But in its Aug. 2 ruling, the commission took issue with two provisions of the proposal, both introduced in response to a deficiency letter in May (ER18-1173). (See FERC: MISO External Capacity Zone Plan Deficient.)

The first provision would have allowed an external resource bordering more than one local resource zone to choose which zone to participate in during the auction. The second would have permitted holders of evergreen contracts — supply contracts that include extension or renewal options written prior to MISO’s capacity construct — to receive historical supply arrangement credits collected from excess auction revenues to cover price separation. FERC said both provisions were unreasonable.

No Zone Toggle

FERC’s order said it was problematic for MISO to allow resource owners to toggle between zones in search of the best capacity prices.

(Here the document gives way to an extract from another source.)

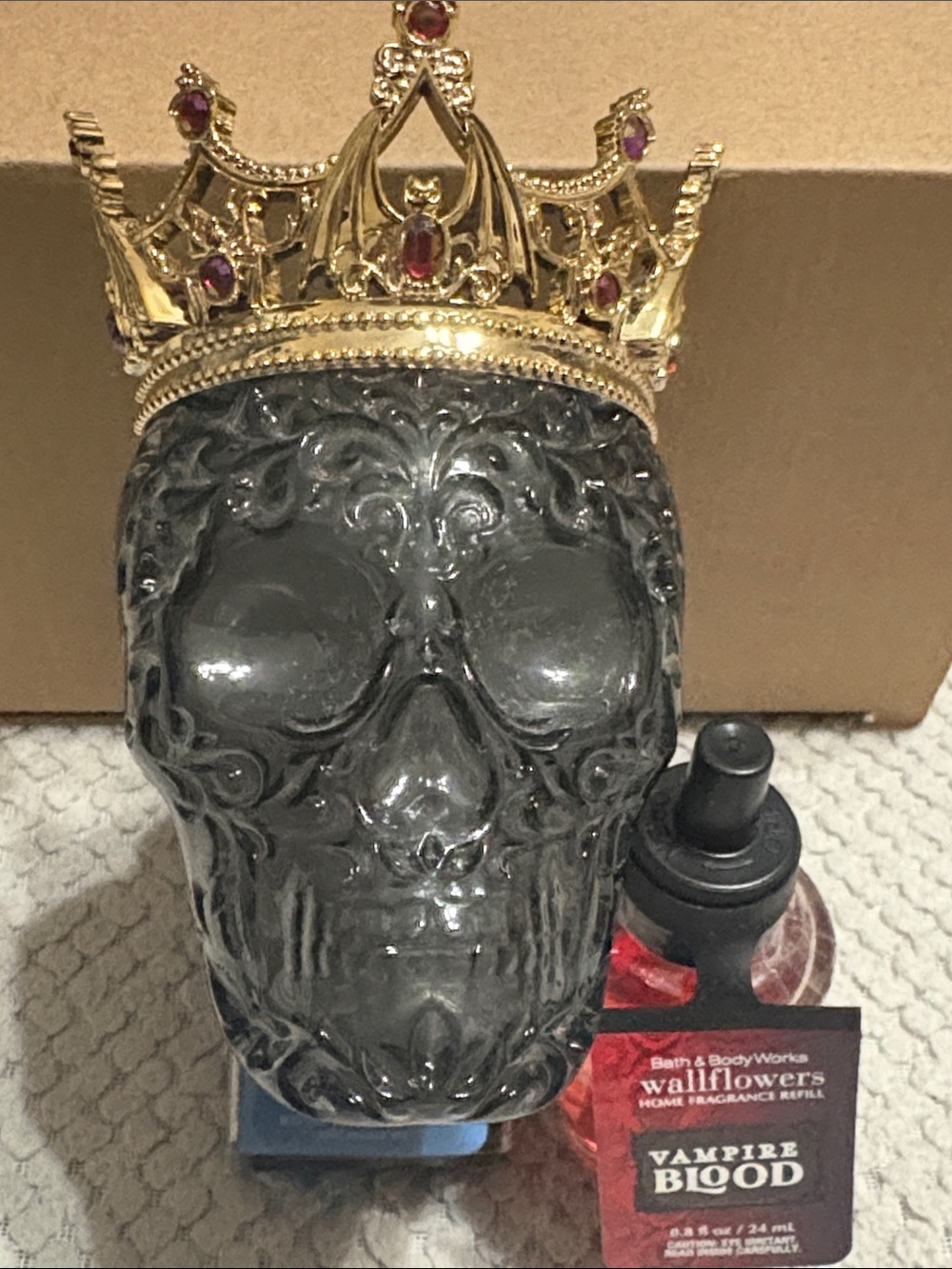 Wallflower’s Skull Light Up Plug With Scent 💀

“MISO’s proposal provides resource owners with new optionality that could lead to uneconomic behavior. For instance, a market participant could decide to move a lower cost capacity resource from one local zone to another in order to increase the likelihood that an affiliated higher-cost capacity resource clears in the local zone from which the capacity resource was moved. The ability to effectively move capacity resources from one local zone to another is not contemplated by the Tariff’s market power and mitigation provisions.”

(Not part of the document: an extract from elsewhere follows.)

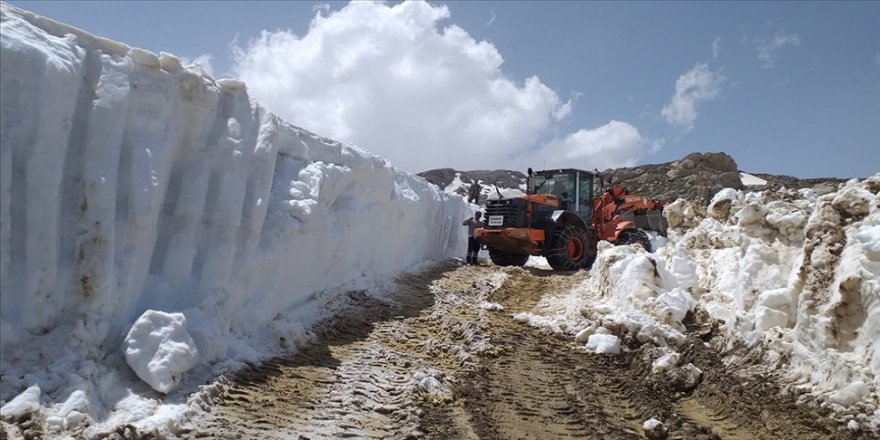 Hakkari'de haziranda kar temizleme çalışması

MISO also proposed allowing internal capacity resources that border more than one local resource zone the option to choose their zone of participation, providing the “same flexibility” as similarly situated border external resources. The RTO said it contains 20 eligible internal resources and only one border external resource, the Joppa Power Plant in southern Illinois, with ties to multiple local zones.

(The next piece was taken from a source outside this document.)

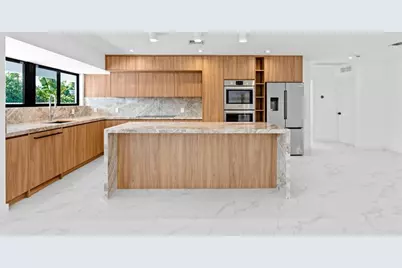 20500  Highland Lakes Blvd, Miami, FL 33179 - Photo 8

But FERC said that rather than allowing market participants to select local zones, MISO could divide the resource’s capacity credit between the zones it borders using historic or forecasted system flows. The RTO could also propose a new system that determines how capacity credit is assigned to a resource that borders multiple local zones, the commission said.

Evergreen Contracts

FERC also determined that MISO should not make evergreen contract extensions eligible for excess auction revenues, saying the option would “embed inefficiencies into MISO’s resource adequacy construct for an indefinite period of time.”

“LSEs with evergreen contracts could continue to extend those contracts indefinitely to avoid the locational price signal that MISO’s locational resource adequacy construct was designed to provide,” the commission said.

Rejection in Full

FERC said it rejected the filing in full because MISO had instructed it to evaluate the contract as a cohesive whole. In its filing, MISO had said the elements “were created as a complete and balanced package based on discussions and adjustments made during the stakeholder process” and “are intended to be an integrated set of elements to improve MISO’s existing resource adequacy construct and should not be viewed in isolation.”

The RTO plans to discuss the proposal during an Aug. 8 Resource Adequacy Subcommittee meeting.